This guest post comes from Marc Mezzacca, founder of NextGen Shopping, a company dedicated to creating innovative shopping mashups. Marc’s latest venture is a social-media based coupon code website called CouponFollow that utilizes the Twitter API.
While the rates in adoption of semantic standards are increasing, the majority of the web is still home to mostly unstructured data. Search engines, like Google, remain focused on looking at the HTML markup for clues to create richer results for their users. The creation of schema.org and similar movements has aided in the progression of the ability draw valuable content from webpages.
But even with semantic standards in place, structured data requires a parser to extract information and convert it into a data-interchange format, namely JSON or XML. Many libraries exist for this, and in several popular coding languages. But be warned, most of these parser libraries are far from polished. Most are community-produced, and thus may not be complete or up to date, as standards are ever changing. On the flip side, website owners whom don’t fully follow semantic rules, can break the parser. And of course there are sites which contain no structured data formatting at all. This inconsistency causes problems for intelligent data harvesting, and can be a roadblock for new business ideas and startups.
Several companies are offering an API service to make sense of this unstructured data, helping to remove these roadblocks. For example, AlchemyAPI offers a suite of data extraction APIs including a Structured Content Scraping API, which enables structured data to be extracted based on both visual and structural traits. Another company, DiffBot, is also taking care of the “dirty work” in the cloud, allowing entrepreneurs and developers to focus on their business instead of the semantics involved in parsing. DiffBot stands out because of their unique approach. Instead of looking at the data as a computer, they are looking visually, like a human would. They first classify what type of webpage (eg. article, blog post, product, etc.) and then proceed to extract what visually appears to be relevant data for that page type (article title, most relevant image, etc).

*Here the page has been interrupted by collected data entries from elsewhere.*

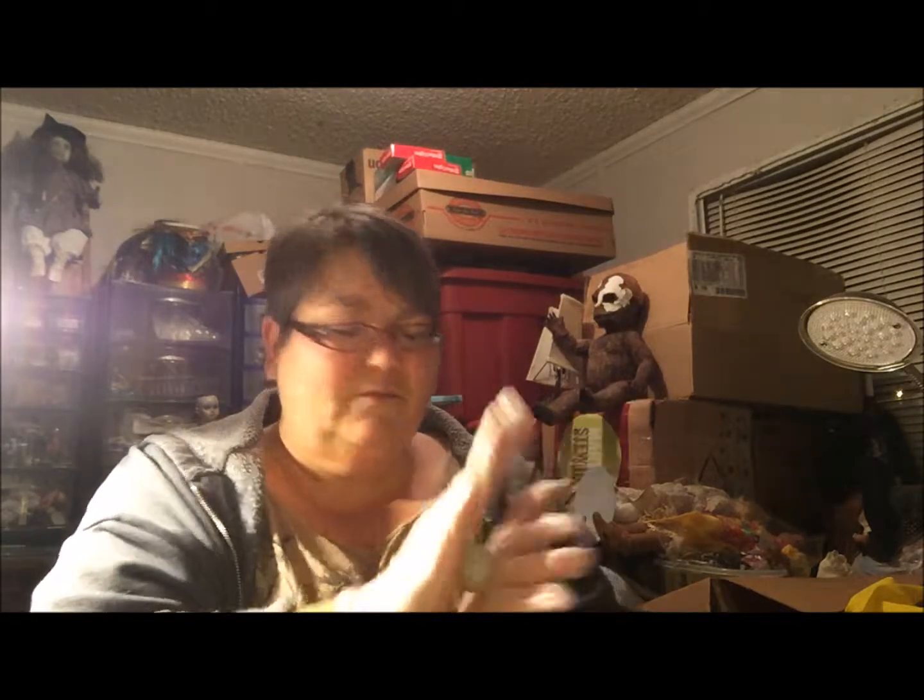I've already got plans for her story. This is one of those dolls where I had the story before I had the doll. Sometimes the doll comes first, sometimes the story comes first — I never know what's going to happen.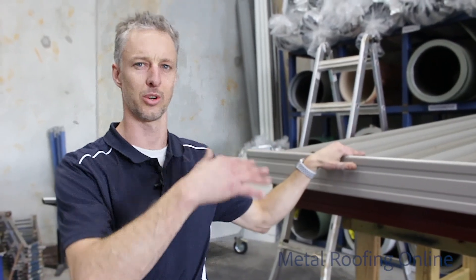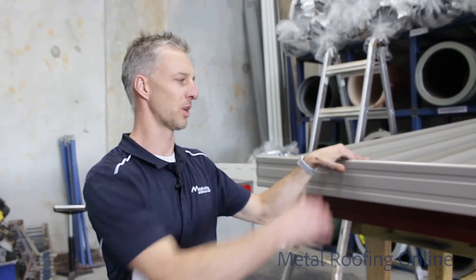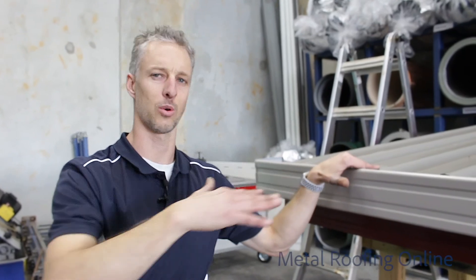These Trimdek sheets can go down to as little as a two degree roof pitch, which is a good idea to use instead of corrugated. Because once you've turned the end of the sheets down and the top end of the sheets up, they can handle a much lower roof pitch than corrugated can.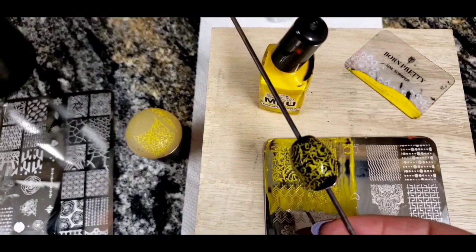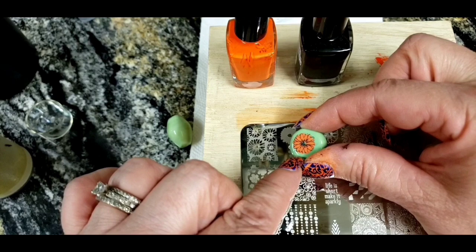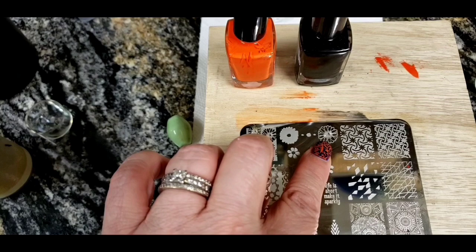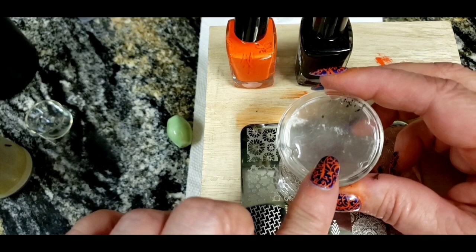This next bead uses the layered stamp technique. First you stamp the background, then you come over the top and stamp the outline. For the outline, we use a special clear jelly stamper — it's called that because you can see through the back of it, which helps you line up the outline with the background.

Currently their website lists APIs for Page Classification (check out their infographic), as well as parsing Article type webpages. Much of the web, including discussion boards, events, e-commerce data, etc. remains as potential future API offerings and it will be interesting to see which they go after next.
And now in JSON formatting:
This API can be a handy tool for young startup companies looking to avoid the parsing game. For Delve, a New York City startup based out of WeWork Labs, they can’t wait around for the true Semantic Web to get here, so they’ve been using DiffBot’s Article API as a main component of their product. Delve provides an enterprise news reader adding in a social element. Teams as small as five, up to one-thousand, can converse and collaborate on relevant news articles.
Delve wants to provide the best information possible to their users, so indexing article content correctly is essential, but as a startup so is time. Thomas Weingarten, CTO of Delve, tells that they’ve landed on DiffBot because it provides the quality results for elements critical to their product offering, such as article title, author and publish date, but admits for high value targets they still do some scraping themselves to fully ensure accuracy.
The web still has more revisions to go before we’ll be able to fully extract the wealth of knowledge it contains. But combining semantic markup with intelligent data parsing could be the cocktail needed to turn a mess of interconnected webpage data into a structured knowledge base. These APIs seem to be a step in the right direction.